→ TASK
Reproduce exactly, and solely, the lines running from the top of the data below through the line with "Consolă pentru jocuri", both inclusive. Omit pictures.

START DATASET SECTION

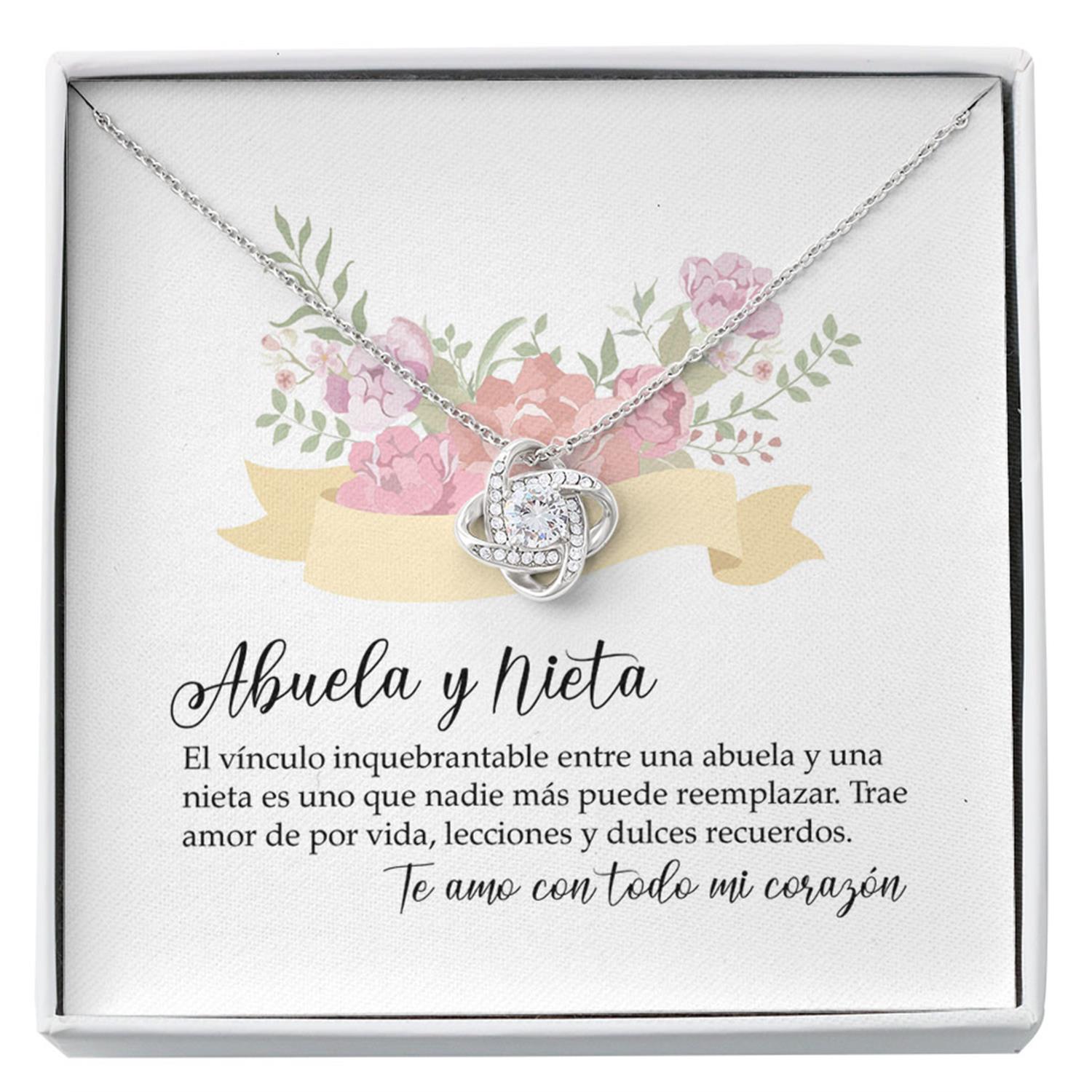 Grandmother Necklace, Abuela Y Nieta Necklace Spanish Grandma Granddaughter Gift Abuela Necklace Spanish Family Love Abuela Nieta Navidad Custom Necklace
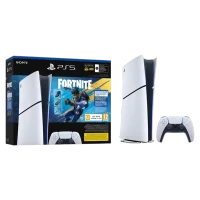 Consolă pentru jocuri SONY PlayStation 5 Slim Digital Edition+Fortnite Flowering Chaos, Alb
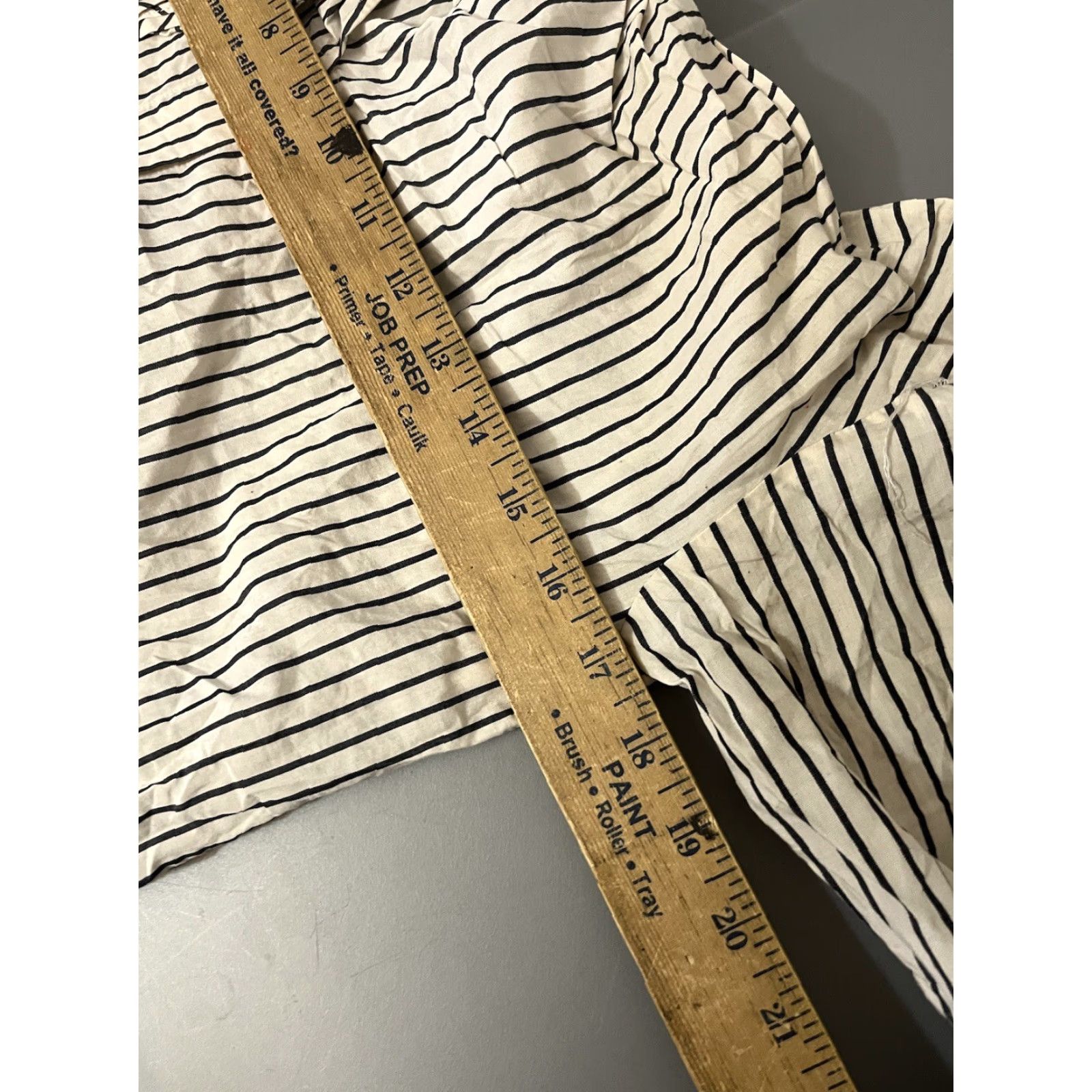 H&M H&M Women Off Shoulder Tie Front White Striped Blouse 6 Size M / US 6-8 / IT 42-44 - 5 Thumbnail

END DATASET SECTION

→ COMPLETED EXERCISE
 Grandmother Necklace, Abuela Y Nieta Necklace Spanish Grandma Granddaughter Gift Abuela Necklace Spanish Family Love Abuela Nieta Navidad Custom Necklace
 Consolă pentru jocuri SONY PlayStation 5 Slim Digital Edition+Fortnite Flowering Chaos, Alb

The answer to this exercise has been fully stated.